En d’autres termes, la conclusion “il a les muscles des ailes très développés” est déductible non pas de “Pioupiou est un oiseau” mais “Pioupiou est un oiseau qui vole”.

Il existe des indicateurs linguistiques de l’affirmation par défaut, comme le non interrogatif de fin de phrase ou l’adverbe a priori:

Il est étudiant de l’Université Paris XX, donc il s’inscrit en thèse à Paris XX, non?
— donc a priori, il s’inscrit en thèse à Paris XX.

Pioupiou est un oiseau, donc il vole, non?
— donc a priori il vole.

2. Conditions de réfutabilité du raisonnement par défaut

On distingue deux types de conditions de réfutabilité (defeasability) d’une conclusion C affirmée dans le cadre d’un raisonnement défaisable.

— Il existe de bons arguments (rebutting defeater Koons 2005) pour une conclusion incompatible avec C. Par exemple, si on sait que Pioupiou est un oiseau en peluche, alors on sait qu’il ne peut pas voler.

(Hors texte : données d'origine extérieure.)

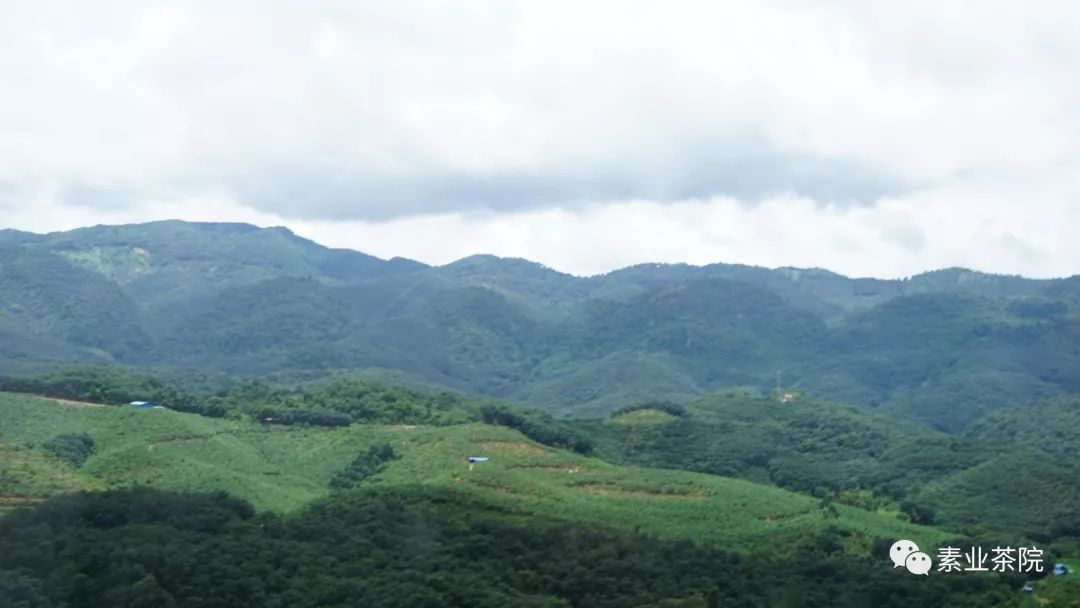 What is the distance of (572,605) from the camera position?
146 feet

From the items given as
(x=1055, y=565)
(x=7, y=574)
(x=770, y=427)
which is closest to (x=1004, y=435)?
(x=770, y=427)

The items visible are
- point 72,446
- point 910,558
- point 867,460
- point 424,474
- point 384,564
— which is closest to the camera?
point 384,564

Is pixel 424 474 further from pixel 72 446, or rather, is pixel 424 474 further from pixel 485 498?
pixel 72 446

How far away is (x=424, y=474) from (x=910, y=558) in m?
28.1

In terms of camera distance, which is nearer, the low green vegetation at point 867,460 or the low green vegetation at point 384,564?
the low green vegetation at point 384,564

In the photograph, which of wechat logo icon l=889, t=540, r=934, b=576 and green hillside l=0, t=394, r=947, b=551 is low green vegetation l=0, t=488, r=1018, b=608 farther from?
green hillside l=0, t=394, r=947, b=551

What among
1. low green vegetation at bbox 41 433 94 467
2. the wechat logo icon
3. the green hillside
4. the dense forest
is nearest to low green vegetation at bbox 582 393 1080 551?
the dense forest

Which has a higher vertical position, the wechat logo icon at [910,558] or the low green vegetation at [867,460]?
the low green vegetation at [867,460]

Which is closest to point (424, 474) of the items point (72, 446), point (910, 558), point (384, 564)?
point (72, 446)

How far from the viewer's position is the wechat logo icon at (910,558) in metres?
51.8

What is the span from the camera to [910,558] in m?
53.0

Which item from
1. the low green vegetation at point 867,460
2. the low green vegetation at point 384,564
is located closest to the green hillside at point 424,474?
the low green vegetation at point 384,564

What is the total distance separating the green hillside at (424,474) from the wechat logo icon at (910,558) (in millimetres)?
3870

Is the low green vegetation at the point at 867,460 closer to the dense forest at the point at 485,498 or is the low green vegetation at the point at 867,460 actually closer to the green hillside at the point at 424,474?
the dense forest at the point at 485,498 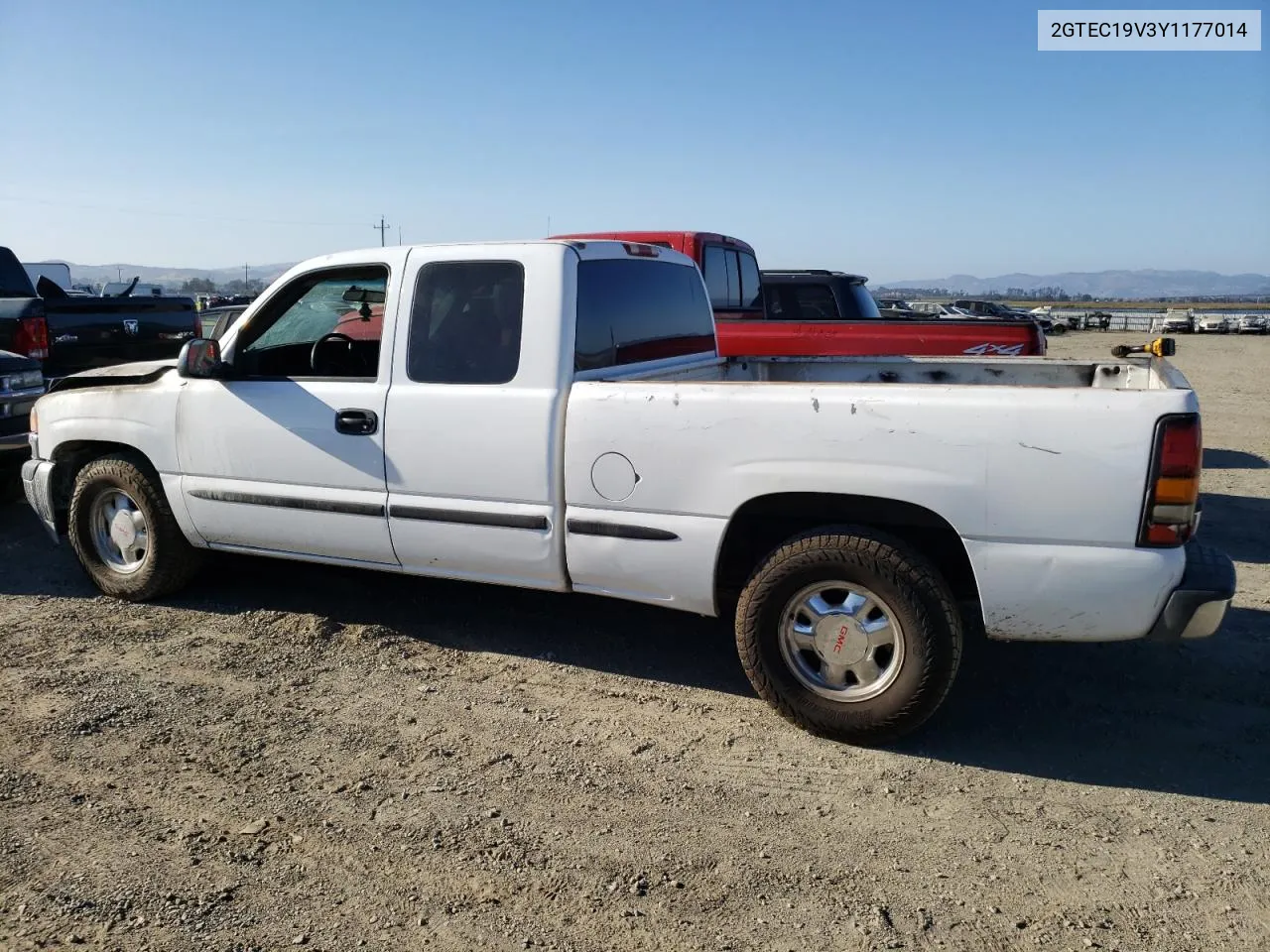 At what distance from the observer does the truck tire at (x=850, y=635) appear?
3666 millimetres

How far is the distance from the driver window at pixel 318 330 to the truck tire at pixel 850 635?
2.20 m

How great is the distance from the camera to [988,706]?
425 centimetres

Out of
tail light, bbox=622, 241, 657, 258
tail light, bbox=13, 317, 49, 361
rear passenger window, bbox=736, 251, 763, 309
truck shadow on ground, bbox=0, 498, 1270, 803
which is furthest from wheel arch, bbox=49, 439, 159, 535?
rear passenger window, bbox=736, 251, 763, 309

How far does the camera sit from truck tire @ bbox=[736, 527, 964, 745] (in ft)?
12.0

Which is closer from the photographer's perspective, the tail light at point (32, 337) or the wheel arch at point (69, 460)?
the wheel arch at point (69, 460)

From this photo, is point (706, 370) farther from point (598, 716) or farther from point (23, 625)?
point (23, 625)

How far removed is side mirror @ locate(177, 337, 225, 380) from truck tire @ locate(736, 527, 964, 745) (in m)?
2.72

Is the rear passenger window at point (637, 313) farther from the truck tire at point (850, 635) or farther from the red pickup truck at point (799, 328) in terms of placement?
the red pickup truck at point (799, 328)

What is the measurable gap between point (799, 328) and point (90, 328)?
607 centimetres

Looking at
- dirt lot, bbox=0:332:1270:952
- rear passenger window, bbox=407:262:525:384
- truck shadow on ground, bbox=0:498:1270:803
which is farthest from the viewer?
rear passenger window, bbox=407:262:525:384

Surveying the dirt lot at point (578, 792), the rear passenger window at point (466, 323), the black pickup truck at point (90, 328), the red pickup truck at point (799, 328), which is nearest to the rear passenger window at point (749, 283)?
the red pickup truck at point (799, 328)

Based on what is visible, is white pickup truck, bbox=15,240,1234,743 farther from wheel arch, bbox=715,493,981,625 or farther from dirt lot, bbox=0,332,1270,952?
dirt lot, bbox=0,332,1270,952

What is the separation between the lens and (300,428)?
470 cm

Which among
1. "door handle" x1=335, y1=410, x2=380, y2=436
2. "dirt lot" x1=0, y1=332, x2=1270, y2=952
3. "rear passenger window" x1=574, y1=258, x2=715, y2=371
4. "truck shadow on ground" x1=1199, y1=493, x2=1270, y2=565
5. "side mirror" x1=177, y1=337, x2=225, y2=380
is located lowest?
"dirt lot" x1=0, y1=332, x2=1270, y2=952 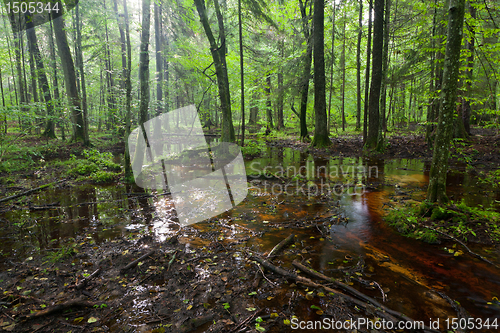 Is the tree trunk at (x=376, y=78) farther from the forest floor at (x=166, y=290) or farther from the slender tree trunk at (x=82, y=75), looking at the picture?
the slender tree trunk at (x=82, y=75)

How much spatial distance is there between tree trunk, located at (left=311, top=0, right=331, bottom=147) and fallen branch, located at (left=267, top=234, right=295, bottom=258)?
10921 millimetres

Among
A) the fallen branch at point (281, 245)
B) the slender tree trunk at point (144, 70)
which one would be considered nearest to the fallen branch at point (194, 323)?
the fallen branch at point (281, 245)

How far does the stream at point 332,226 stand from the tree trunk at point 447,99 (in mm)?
1229

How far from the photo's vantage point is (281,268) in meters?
3.43

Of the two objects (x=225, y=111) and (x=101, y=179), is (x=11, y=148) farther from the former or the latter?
(x=225, y=111)

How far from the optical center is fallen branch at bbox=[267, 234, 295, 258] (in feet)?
12.6

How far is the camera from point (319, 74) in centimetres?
1400

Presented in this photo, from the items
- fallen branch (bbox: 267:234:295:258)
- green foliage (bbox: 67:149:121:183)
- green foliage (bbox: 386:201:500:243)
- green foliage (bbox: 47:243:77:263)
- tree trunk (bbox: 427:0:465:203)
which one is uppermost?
tree trunk (bbox: 427:0:465:203)

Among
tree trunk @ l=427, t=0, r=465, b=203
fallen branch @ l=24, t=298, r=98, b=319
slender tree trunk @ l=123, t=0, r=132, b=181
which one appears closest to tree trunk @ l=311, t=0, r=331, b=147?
tree trunk @ l=427, t=0, r=465, b=203

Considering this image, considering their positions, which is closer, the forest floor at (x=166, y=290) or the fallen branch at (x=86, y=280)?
the forest floor at (x=166, y=290)

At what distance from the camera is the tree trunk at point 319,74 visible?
13.7m

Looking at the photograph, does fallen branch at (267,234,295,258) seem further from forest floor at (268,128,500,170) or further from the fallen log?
forest floor at (268,128,500,170)

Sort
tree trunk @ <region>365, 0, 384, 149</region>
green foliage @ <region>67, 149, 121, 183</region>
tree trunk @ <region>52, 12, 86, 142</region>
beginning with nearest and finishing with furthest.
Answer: green foliage @ <region>67, 149, 121, 183</region>, tree trunk @ <region>365, 0, 384, 149</region>, tree trunk @ <region>52, 12, 86, 142</region>

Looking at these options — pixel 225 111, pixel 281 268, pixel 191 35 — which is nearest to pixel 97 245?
pixel 281 268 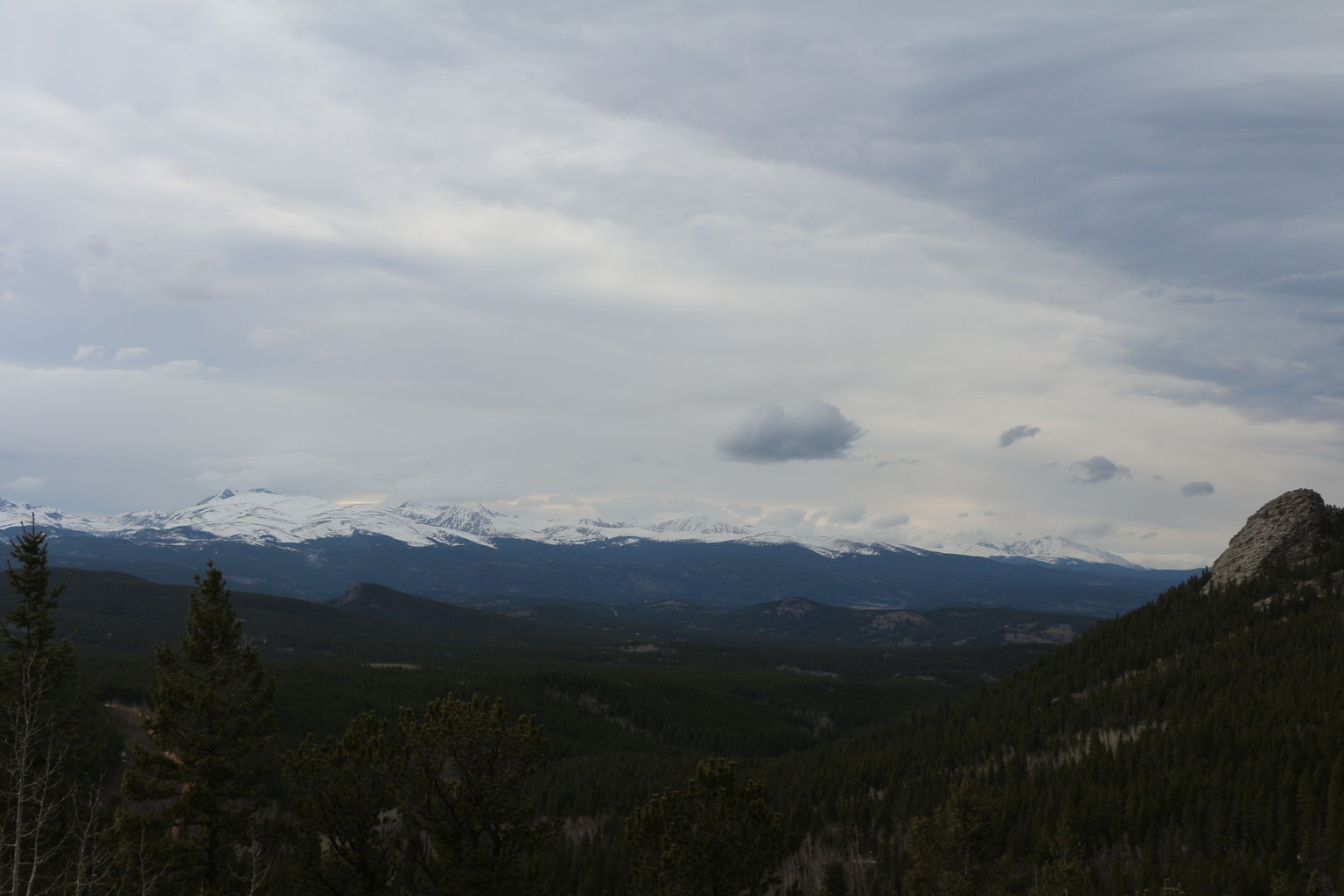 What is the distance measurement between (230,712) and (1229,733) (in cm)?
11156

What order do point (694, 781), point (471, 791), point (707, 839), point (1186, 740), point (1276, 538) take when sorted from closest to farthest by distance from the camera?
point (471, 791) → point (707, 839) → point (694, 781) → point (1186, 740) → point (1276, 538)

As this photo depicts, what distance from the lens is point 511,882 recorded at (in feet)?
123

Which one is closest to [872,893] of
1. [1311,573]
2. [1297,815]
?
[1297,815]

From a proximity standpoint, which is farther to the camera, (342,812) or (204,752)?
(204,752)

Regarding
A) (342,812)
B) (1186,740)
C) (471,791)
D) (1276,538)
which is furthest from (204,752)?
(1276,538)

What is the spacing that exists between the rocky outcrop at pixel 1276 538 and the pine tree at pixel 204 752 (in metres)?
169

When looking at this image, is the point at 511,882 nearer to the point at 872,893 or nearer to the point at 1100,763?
the point at 872,893

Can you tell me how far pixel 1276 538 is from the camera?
15975cm

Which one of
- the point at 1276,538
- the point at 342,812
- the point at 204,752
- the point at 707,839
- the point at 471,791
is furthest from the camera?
the point at 1276,538

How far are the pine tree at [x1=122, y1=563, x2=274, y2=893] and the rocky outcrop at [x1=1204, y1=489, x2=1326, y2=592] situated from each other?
553 ft

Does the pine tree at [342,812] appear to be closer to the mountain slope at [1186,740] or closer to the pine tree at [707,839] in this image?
the pine tree at [707,839]

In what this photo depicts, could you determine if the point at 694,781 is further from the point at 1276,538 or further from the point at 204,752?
the point at 1276,538

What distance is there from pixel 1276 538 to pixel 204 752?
592ft

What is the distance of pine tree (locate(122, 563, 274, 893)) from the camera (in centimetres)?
4144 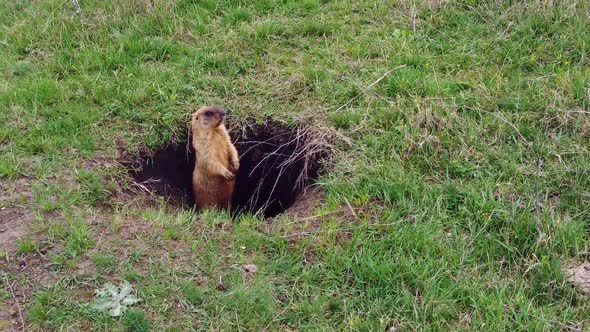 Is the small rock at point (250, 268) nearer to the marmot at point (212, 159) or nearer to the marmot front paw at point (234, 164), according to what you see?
the marmot at point (212, 159)

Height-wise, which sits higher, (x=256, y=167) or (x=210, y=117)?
(x=210, y=117)

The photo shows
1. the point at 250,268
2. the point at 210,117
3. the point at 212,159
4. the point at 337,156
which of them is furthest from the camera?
the point at 212,159

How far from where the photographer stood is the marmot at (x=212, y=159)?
5.29m

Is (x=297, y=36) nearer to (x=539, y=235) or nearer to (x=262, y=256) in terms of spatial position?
(x=262, y=256)

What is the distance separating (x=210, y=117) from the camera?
526 centimetres

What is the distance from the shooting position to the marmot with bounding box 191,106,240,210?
208 inches

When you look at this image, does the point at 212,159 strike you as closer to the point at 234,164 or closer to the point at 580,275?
the point at 234,164

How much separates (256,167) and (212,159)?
614mm

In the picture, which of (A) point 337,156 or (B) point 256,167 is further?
(B) point 256,167

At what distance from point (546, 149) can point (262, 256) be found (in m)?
2.27

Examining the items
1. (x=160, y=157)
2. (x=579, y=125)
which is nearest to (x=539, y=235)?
(x=579, y=125)

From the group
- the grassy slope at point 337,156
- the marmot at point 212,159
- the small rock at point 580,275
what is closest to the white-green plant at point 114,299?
the grassy slope at point 337,156

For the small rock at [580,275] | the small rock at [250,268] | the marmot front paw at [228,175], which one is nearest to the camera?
the small rock at [580,275]

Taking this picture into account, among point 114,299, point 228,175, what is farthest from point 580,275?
point 114,299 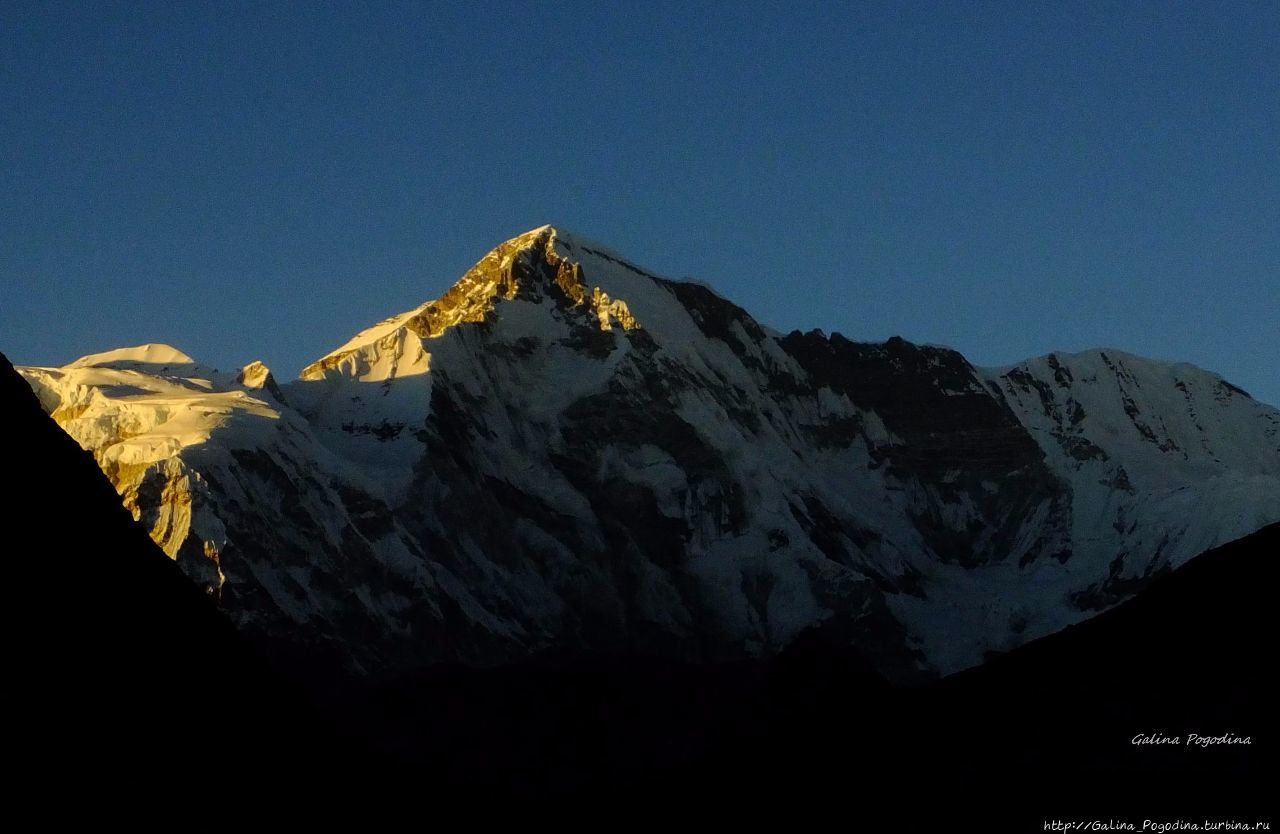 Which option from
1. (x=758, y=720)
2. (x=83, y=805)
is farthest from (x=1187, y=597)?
(x=758, y=720)

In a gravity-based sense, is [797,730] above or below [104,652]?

— Il existe de bonnes raisons de penser que la loi de passage invoquée habituellement dans l’argumentation ne s’applique pas au cas envisagé (undercutting defeaters, ibid.). Par exemple, si l’on sait que l’univers de discours porte sur la faune Antarctique, alors on a de bonnes raisons de suspendre l’inférence.

3. Schématisation de l’inférence par défaut

L’inférence révisable est schématisée comme une règle par défaut [default rule] :

Si Tweety est un oiseau,
en l’absence d’information selon laquelle Tweety est un manchot,
il est légitime de conclure que Tweety vole.

Ce raisonnement est noté et représenté comme suit :

Tweety est un oiseau : tweety n’est pas un manchot
————
Tweety vole

ζ : η
——
θ

ζ : prérequis :          on sait que ζ
η
: justification :    η est compatible avec l’information disponible
θ : conclusion

Cette schématisation exploite les mêmes intuitions et les mêmes concepts que ceux mis en jeu dans le schéma de Toulmin, que l’on peut écrire de la même manière :

D (Donnée, Data) : R (Réfutation, Rebuttal)
————
C (Conclusion, Claim)

D, prérequis : on sait que D, Pioupiou est un oiseau
R, Réfutation : on n’a pas d’information permettant de penser que la réfutation possible est effectivement vraie, autrement dit que Pioupiou est une exception à la règle selon laquelle les oiseaux volent, c’est-à-dire que Pioupiou est un manchot
C, Conclusion ; Jusqu’à plus ample information, C peut être acceptée, prise comme hypothèse de travail.

Gabbay & Woods (2003) développent une théorie du raisonnement pratique combinant théorie de la pertinence et raisonnement par défaut.

4. Clarification, raisonnement révisable, argumentation

Les modèles de raisonnement révisable s’appliquent dans des situations où l’information fait défaut. Ces situations sont bien distinctes de celles où l’information est suffisante mais inégalement répartie entre les participants. Il s’agit alors de clarification, d’explication et d’élimination des malentendus, après quoi la conclusion est supposée s’imposer à tous.

Comme le modèle de Toulmin, la théorie du raisonnement révisable fonctionne sur des domaines de connaissance normalisés, où les données et les règles sont connues et admises de tous, en particulier les conditions de réfutation.

D’une façon générale, en situation d’argumentation non seulement l’information importante peut faire défaut, mais les conditions de confirmation et de réfutation ne sont pas forcément bien définies, et la question elle-même peut être négociable.
Tout cela est dû au fait que l’argumentation est non seulement une mode de raisonnement, mais une activité intersubjective de raisonnement. Les données comme les règles utilisées par chaque partie sont marquées par leurs propres intérêts, valeurs et émotions. Il s’ensuit qu’il est délicat d’éliminer totalement une position ; en excluant la position, on exclut de fait la personne.